À l’âge de quatorze ans, il a décidé de changer son nom pour Marc, à cause des moqueries de ses camarades de classe, et a pris le nom de famille de sa mère, Lépine, pour rompre tout lien avec son père. Mais même après le départ du père, les relations familiales sont restées tendues. Marc était souvent intimidé par sa sœur aînée à cause de son acné et du fait qu’il ne sortait pas avec des filles.
À dix-sept ans, il a tenté de s’enrôler dans les Forces armées canadiennes, mais a été déclaré inapte lors de l’entrevue. En 1982, Marc s’est inscrit à un cours préparatoire de deux ans en sciences fondamentales pour entrer à l’université. Ses professeurs le décrivaient comme un étudiant assidu, surtout en électrotechnique. Parallèlement, il a trouvé un emploi à temps partiel à l’hôpital où travaillait sa mère. Cependant, en février 1986, alors qu’il ne lui restait qu’un semestre à faire, Marc a tout simplement cessé de se présenter en classe sans raison apparente, et n’a donc pas obtenu son diplôme.
La même année, il a décidé de soumettre une demande d’admission à l’École Polytechnique de Montréal. On lui a dit qu’il serait accepté à condition de suivre des cours de chimie obligatoires. Peu de temps après, Marc a été licencié de l’hôpital pour comportement agressif. Cela a mis le jeune homme très en colère, ce qui l’a amené à avoir des pensées suicidaires et à élaborer un plan de vengeance.
Marc a de nouveau postulé à l’École Polytechnique en 1989, mais sa demande a été rejetée en raison des cours manquants. En même temps, Marc était toujours préoccupé par l’absence de relations amoureuses. Mais ce n’était pas tant le manque d’attention féminine qui le dérangeait que son désir d’avoir du pouvoir sur quelqu’un. Il disait souvent à ses amis que les féministes et leurs tentatives de percer dans des professions non traditionnelles l’agaçaient, affirmant que les femmes ne devraient s’occuper que de leur famille et de leur foyer.
La tuerie de l’École Polytechnique
L’événement tragique a eu lieu le 6 décembre 1989 à l’École Polytechnique de Montréal, où Marc Lépine est arrivé dans la soirée. Armé d’une carabine et avec une lettre de suicide dans sa poche. Il avait décidé d’agir avec détermination et de régler ses comptes avec ses « ennemies » : les féministes qui, selon lui, avaient ruiné sa vie. Il a rencontré sa première victime dès son entrée dans le couloir et lui a tiré dessus. La jeune femme est morte.

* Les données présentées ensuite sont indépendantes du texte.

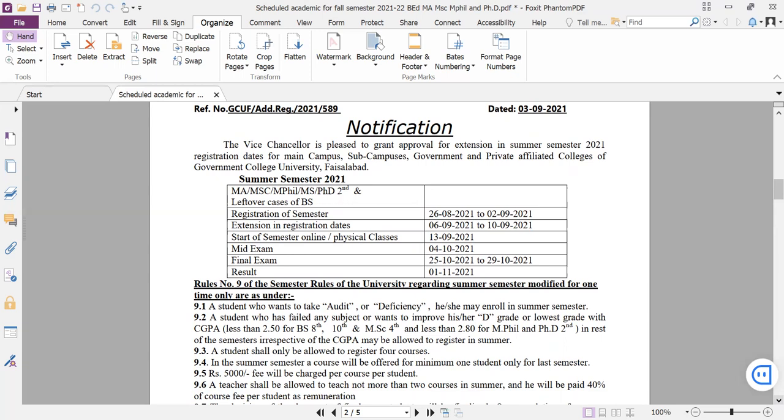In the case of MPhil and PhD, if it is 2.8 or below, they can improve F grade. If final semester is 2.8 or above, they can improve F grade.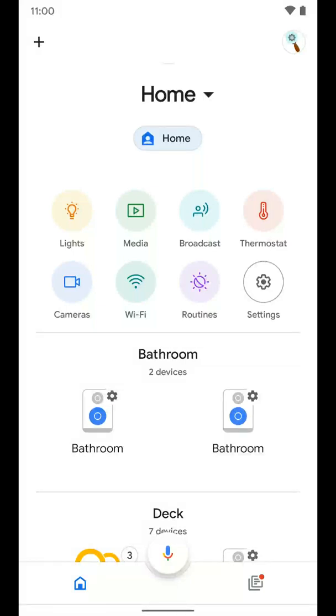Now I'm going to show you how to turn on home or away routines in the Google Home app. This is on an Android device, just so you know.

Marc s’est ensuite dirigé vers la salle de classe 303, où se trouvaient 58 étudiants, dont 10 femmes. En entrant dans la salle, il a tiré deux coups de feu au plafond et a ordonné à tous les hommes de sortir dans le couloir. Il a ensuite crié qu’il haïssait le féminisme. L’une des étudiantes a tenté de répliquer qu’elles n’étaient pas féministes, mais qu’elles voulaient simplement devenir ingénieures pour avoir un bon travail à l’avenir. Mais le tueur, sans écouter la fin de sa réponse, a crié quelque chose avec rage et a immédiatement ouvert le feu sans interruption sur les jeunes femmes restées dans l’auditoire. Six étudiantes ont été tuées, et quatre autres ont été blessées à des degrés divers.
Le tueur a continué sa route vers d’autres salles de classe. Dans l’amphithéâtre 311, il y avait 26 étudiants ; Marc a ouvert le feu sur eux tous. Au total, les événements se sont déroulés en 20 minutes, durant lesquelles 14 femmes ont été tuées, et neuf autres jeunes femmes ainsi que quatre hommes ont été blessés. Marc Lépine s’est ensuite suicidé.
Le meurtre des étudiantes à Montréal est devenu l’une des tueries de masse les plus meurtrières de l’histoire du Canada. Ces événements ont été discutés dans presque tous les pays du monde et ont attiré l’attention de la société sur le problème de la violence contre les femmes. Le fait terrifiant est que de tels cas ne sont pas isolés, et que la violence à l’égard des femmes prend de nombreuses formes différentes : physique, psychologique et économique.
Depuis 1991, par décision du Parlement du Canada, le 6 décembre est devenu la Journée nationale de commémoration et d’action contre la violence faite aux femmes.